Honey is a natural sweetener that takes on the flavor profiles of the blossoms visited by the bees. Hawaiian honey offers the unique taste of Hawaiian flowers that grow all year round. Visit the bee farm on the Big Island to learn more about what makes Hawaiian honey delicious and special.
Learning About Bees
Bees leave their hives to explore the areas around them. They collect pollen from the flowers growing in the vicinity. If you visit the bee farm on the Big Island, you can experience a tour of the bee keeping facility. The bees bring back pollen to their hives and use it to make honey. Then the honey is collected by hand by experienced bee keepers and sold in small batches.
The Bee Farm on the Big Island
Hawaiian flowers grow all year round. The beehives at the bee farm on the Big Island are moved to certain areas around the island to collect pollen from specific flowers. This is how the honey they produce comes in specific flavors such as Macadamia Nut Blossom or Lehua Blossom, which is produced from flowers growing on Mauna Loa.
This honey farm doesn’t use pesticides or herbicides, so their products are USDA Certified Organic.
What Challenges Face the Bee Industry?
Varroa mites are a parasite that can infect a bee colony. They can eat adult bees as well as the larvae and pupae of honey bee young. While it is not known how these mites have arrived in Hawaii, they can still do damage to bee colonies on the islands, causing low weight and weakness in adult worker bees as well as spreading viruses.
Because of this pressure, some honey production operations have begun to add sugar syrups to their honey. This adulterated “honey” drives down the price of honey, which makes it difficult for true honey producers to sell their pure honey.
Are Bees Native to Hawaii?
The bee farm on the Big Island uses imported bees that produce honey in colonies.
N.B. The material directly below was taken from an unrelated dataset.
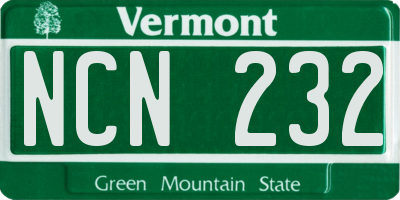 VT license plate NCN232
However, there are native bees to Hawaii known as the Hylaeus, or yellow faced bee variety. These bees to not lay eggs in colonies. Instead, they are cleptoparasites, which means they lay eggs in nests that don’t belong to them and their offspring collects the food in the host nest.
There are more than 60 unique Hylaeus species and seven of them are actually endangered on the islands. The island environment does keep changing, but efforts are being made to preserve this interesting species.